Zahra Kolagar


2023

pdf
EduQuick: A Dataset Toward Evaluating Summarization of Informal Educational Content for Social Media
Zahra Kolagar | Sebastian Steindl | Alessandra Zarcone
Proceedings of the 4th Workshop on Evaluation and Comparison of NLP Systems

This study explores the capacity of large language models (LLMs) to efficiently generate summaries of informal educational content tailored for platforms like TikTok. It also investigates how both humans and LLMs assess the quality of these summaries, based on a series of experiments, exploring the potential replacement of human evaluation with LLMs. Furthermore, the study delves into how experienced content creators perceive the utility of automatic summaries for TikTok videos. We employ strategic prompt selection techniques to guide LLMs in producing engaging summaries based on the characteristics of viral TikTok content, including hashtags, captivating hooks, storytelling, and user engagement. The study leverages OpenAI’s GPT-4 model to generate TikTok content summaries, aiming to align them with the essential features identified. By employing this model and incorporating human evaluation and expert assessment, this research endeavors to shed light on the intricate dynamics of modern content creation, where AI and human ingenuity converge. Ultimately, it seeks to enhance strategies for disseminating and evaluating educational information effectively in the realm of social media.

2022

pdf
GiCCS: A German in-Context Conversational Similarity Benchmark
Shima Asaadi | Zahra Kolagar | Alina Liebel | Alessandra Zarcone
Proceedings of the 2nd Workshop on Natural Language Generation, Evaluation, and Metrics (GEM)
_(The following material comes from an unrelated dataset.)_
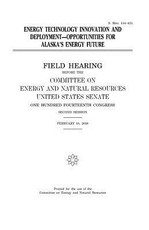 Energy technology innovation and deployment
The Semantic textual similarity (STS) task is commonly used to evaluate the semantic representations that language models (LMs) learn from texts, under the assumption that good-quality representations will yield accurate similarity estimates. When it comes to estimating the similarity of two utterances in a dialogue, however, the conversational context plays a particularly important role. We argue for the need of benchmarks specifically created using conversational data in order to evaluate conversational LMs in the STS task. We introduce GiCCS, a first conversational STS evaluation benchmark for German. We collected the similarity annotations for GiCCS using best-worst scaling and presenting the target items in context, in order to obtain highly-reliable context-dependent similarity scores. We present benchmarking experiments for evaluating LMs on capturing the similarity of utterances. Results suggest that pretraining LMs on conversational data and providing conversational context can be useful for capturing similarity of utterances in dialogues. GiCCS will be publicly available to encourage benchmarking of conversational LMs.

2020

pdf
PATE: A Corpus of Temporal Expressions for the In-car Voice Assistant Domain
Alessandra Zarcone | Touhidul Alam | Zahra Kolagar
Proceedings of the Twelfth Language Resources and Evaluation Conference

The recognition and automatic annotation of temporal expressions (e.g. “Add an event for tomorrow evening at eight to my calendar”) is a key module for AI voice assistants, in order to allow them to interact with apps (for example, a calendar app). However, in the NLP literature, research on temporal expressions has focused mostly on data from the news, from the clinical domain, and from social media. The voice assistant domain is very different than the typical domains that have been the focus of work on temporal expression identification, thus requiring a dedicated data collection. We present a crowdsourcing method for eliciting natural-language commands containing temporal expressions for an AI voice assistant, by using pictures and scenario descriptions. We annotated the elicited commands (480) as well as the commands in the Snips dataset following the TimeML/TIMEX3 annotation guidelines, reaching a total of 1188 annotated commands. The commands can be later used to train the NLU components of an AI voice assistant.